> _TASK STATEMENT_:
Quote exactly, and only, the lines from the one with "90º 90º 90º 90º Então, Um ângulo" through the end of the listing.
--- INPUT Enclosed Below ---
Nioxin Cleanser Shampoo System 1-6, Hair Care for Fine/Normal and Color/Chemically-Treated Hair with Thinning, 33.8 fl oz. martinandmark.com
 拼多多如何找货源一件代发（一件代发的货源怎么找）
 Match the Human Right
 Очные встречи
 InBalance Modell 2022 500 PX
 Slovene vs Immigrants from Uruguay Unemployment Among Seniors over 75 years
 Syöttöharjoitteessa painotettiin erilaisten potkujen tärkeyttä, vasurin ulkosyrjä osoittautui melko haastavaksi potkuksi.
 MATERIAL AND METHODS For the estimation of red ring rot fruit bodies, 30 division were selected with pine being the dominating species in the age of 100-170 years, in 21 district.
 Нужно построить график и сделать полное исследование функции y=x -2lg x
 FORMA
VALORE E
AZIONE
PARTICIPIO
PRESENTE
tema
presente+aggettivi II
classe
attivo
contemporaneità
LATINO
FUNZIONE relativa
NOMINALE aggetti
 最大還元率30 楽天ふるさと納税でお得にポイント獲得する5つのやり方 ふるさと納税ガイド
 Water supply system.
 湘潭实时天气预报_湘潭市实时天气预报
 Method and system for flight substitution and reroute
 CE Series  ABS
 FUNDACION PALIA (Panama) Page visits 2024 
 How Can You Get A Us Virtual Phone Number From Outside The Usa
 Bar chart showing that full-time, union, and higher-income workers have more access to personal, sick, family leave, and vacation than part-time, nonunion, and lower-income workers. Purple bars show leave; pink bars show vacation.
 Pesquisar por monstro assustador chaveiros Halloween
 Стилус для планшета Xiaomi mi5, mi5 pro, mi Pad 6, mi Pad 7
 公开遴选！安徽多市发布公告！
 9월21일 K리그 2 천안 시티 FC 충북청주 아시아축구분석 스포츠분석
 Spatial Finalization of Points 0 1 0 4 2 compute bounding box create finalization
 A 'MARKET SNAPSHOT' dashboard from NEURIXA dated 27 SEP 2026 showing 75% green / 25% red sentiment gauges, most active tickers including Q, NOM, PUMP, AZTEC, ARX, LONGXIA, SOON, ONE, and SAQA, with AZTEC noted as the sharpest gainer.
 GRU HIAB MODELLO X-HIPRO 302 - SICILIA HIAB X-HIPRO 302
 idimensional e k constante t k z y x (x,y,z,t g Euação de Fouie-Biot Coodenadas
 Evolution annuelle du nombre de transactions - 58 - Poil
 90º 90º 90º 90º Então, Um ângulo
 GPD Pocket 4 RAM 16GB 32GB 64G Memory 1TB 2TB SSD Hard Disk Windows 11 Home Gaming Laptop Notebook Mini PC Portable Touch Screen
--- End of Enclosed INPUT ---
> _YOUR SOLUTION_:
 90º 90º 90º 90º Então, Um ângulo
 GPD Pocket 4 RAM 16GB 32GB 64G Memory 1TB 2TB SSD Hard Disk Windows 11 Home Gaming Laptop Notebook Mini PC Portable Touch Screen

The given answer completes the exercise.